Peki, çiğ süt fiyatı son 3 aydır artmamışken, döviz, akaryakıt ve işçilik maliyetleri yükselmemişken fiyatlar neden artıyor? Zamların arka planında ne var?
Bazı süt üreticileri yem fiyatlarının çok arttığını ve kar edemediklerini söylüyor. Hatta buna tepki olarak 'tehlikeli' bir adım atıp hayvanları kesime yolluyor. Bu durum üretim rakamlarına da yansımış durumda; TÜİK rakamlarına göre süt üretimi son üç ayda yüzde 4,4 azaldı. Süt üretiminin azalması ise fiyatlarda yükseliş baskıyı yaratıyor.
Ancak Ulusal Süt Konseyi süt çiğ süt alım fiyatlarını geçen yılın aynı dönemine göre 2,5 kat artırarak 8,5 liraya çıkardı. Öte yandan yem fiyatları ise Mayıs ayından beri yatay seyrediyor.

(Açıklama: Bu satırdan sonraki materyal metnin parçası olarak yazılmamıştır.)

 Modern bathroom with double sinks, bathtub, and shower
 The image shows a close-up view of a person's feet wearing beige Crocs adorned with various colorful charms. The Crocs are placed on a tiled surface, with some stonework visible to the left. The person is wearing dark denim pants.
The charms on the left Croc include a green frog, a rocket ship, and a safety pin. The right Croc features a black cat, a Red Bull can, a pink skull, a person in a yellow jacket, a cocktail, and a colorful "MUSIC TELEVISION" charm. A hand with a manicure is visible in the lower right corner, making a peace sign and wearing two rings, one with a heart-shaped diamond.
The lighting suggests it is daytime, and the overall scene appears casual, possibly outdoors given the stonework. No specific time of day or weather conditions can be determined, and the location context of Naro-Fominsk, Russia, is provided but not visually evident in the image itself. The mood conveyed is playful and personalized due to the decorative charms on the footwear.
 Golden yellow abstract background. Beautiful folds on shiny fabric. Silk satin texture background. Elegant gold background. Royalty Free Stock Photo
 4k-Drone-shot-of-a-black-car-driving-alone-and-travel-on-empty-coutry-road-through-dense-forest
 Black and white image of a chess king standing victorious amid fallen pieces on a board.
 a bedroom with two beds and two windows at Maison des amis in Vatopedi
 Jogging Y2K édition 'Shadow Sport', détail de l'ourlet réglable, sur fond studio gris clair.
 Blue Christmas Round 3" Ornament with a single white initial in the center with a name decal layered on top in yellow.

Raflarda 1 litre sütün fiyatı 25 TL'ye kadar çıktığı dönemde, çiftçi kâr edemediğini süt ve süt ürünleri üretici ise ucuza süt bulamadığını söylüyor.
Üreticinin en büyük maliyet kalemi çiğ süt. Köylerdeki küçük yetiştiriciler sütü konseyin belirlediği fiyata satıyor olsa da büyük süt çitliklerinde aynı durum geçerli olmadığı iddia ediliyor.

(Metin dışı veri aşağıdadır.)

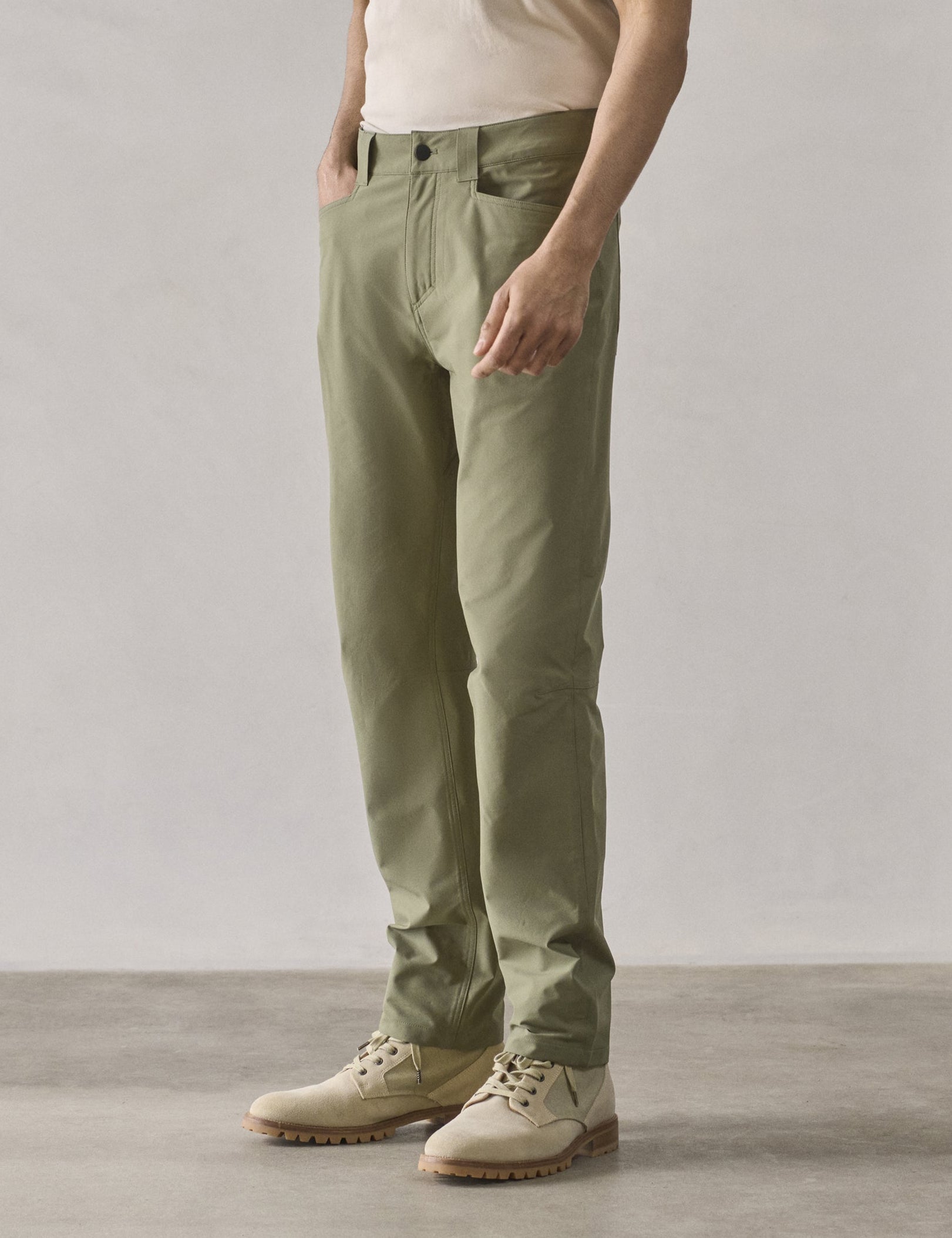 Front 3/4 lower-body view of man wearing Adventure Pant in Fern Green from AETHER Apparel.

Üretici 10 kilo sütten 1 kilo peynir ürettiğini ve bu durumda sadece ham madde maliyetinin 120 TL'yi bulduğuna dikkat çekerek, “Bunun üzerine ambalaj, işletme gideri, nakliye, işçilik ve kar marjını koyduğunda peynirin bizden çıkış fiyatı 160 TL'yi buluyor. Reyonda ise 1 kilo peynirin fiyatı rahatlıkla 170-180 TL'yi buluyor” diyor.
Süt sektöründe bunlar yaşanırken durumdan en çok etkilenen ise vatandaş ve küçük üreticiler oluyor.

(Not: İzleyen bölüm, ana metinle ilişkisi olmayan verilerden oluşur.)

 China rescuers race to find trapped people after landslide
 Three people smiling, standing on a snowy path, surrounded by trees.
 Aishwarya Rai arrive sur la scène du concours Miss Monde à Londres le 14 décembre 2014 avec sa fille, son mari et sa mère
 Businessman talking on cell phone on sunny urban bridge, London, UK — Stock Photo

Özellikle gıda konusu önemli, süt ve süt ürünleri fiyatlarına bakalım. Ben üreticiyim. Ürünü bizden, köylüden alıyorlar. Yanına üç tane firma koyuyorlar. Her firmaya ayrı ayrı satış yapıyor. Bu firmaların hepsi de kendilerine ait. 8 liralık süt, markete 26-28 liraya çıkıyor. Aynı durum peynir için de geçerli. Sütü bizden ucuza alıyorlar. Sütün içindeki yağını, enzimini çekiyorlar, fiyatı 6 liraya düşüyor. Bundan peynir yapıyorlar ve 180-210 liraya satıyorlar. Dünyanın neresinde böyle bir vurgun var. Çünkü bu ürünleri biz almak zorundayız. Et, süt ve süt ürünleri temel ihtiyaç.
Üreticilerin maliyetlerindeki tek kalem kesif yemler değil. Saman balyası yüzde 250, mısır silajı yüzde 370, arpa yüzde 300, elektrik-su yüzde 300, veteriner-ilaç yüzde 280, yardımcı ekipman-hırdavat % 300 artmış durumda. Bu söylediğim rakamlar geçen yılla kıyası ifade ediyor.
Süte yapılan zamlar bizlerin önceki aylardan gelen zararlarına-borçlarına merhem olabiliyor. Şu an da aynı durum söz konusu. Büyük işletmelere dilediğinizi söyleyebilirsiniz. Çünkü yem temin etme, kredi, randıman, pazarlama vs. gibi konularda; bizim gibi küçük üreticilere nazaran minimum yüzde 20-30 daha avantajlılar. Geçen 4 yılı baz alırsam diyebilirim ki köyümüzde sağmal sığır sayısı; sahipleri dahil oldukça azaldı. Üretici yok oluyor. Üretici yok olmamalı. Üreticinin her zaman yanında olunmalıdır. Üreticiye her alanda destek verilmelidir.
Şuanda süt ürünleri et fiyatlarını geçmiş durumda.
1 kg Dana but kasaplık et fiyatı: 160,00 TL. 1 kg Dana haşlamalık gerdan et fiyatı: 100,00 TL.
1 kg Dana fırınlık kaburga et fiyatı: 160,00 TL. 1 kg Dana Kuşbaşı et fiyatı: 150,00 TL. 1 kg Dana bonfile et fiyatı: 326,00 TL.
Süt ürünlerinin fiyatı, et fiyatlarının önüne geçti. Sorgulamadığımız her sorunda hatalı olan bizleriz aslında. Bu fiyatlara insanlarımız daha fazla alıştırılmamalıdır.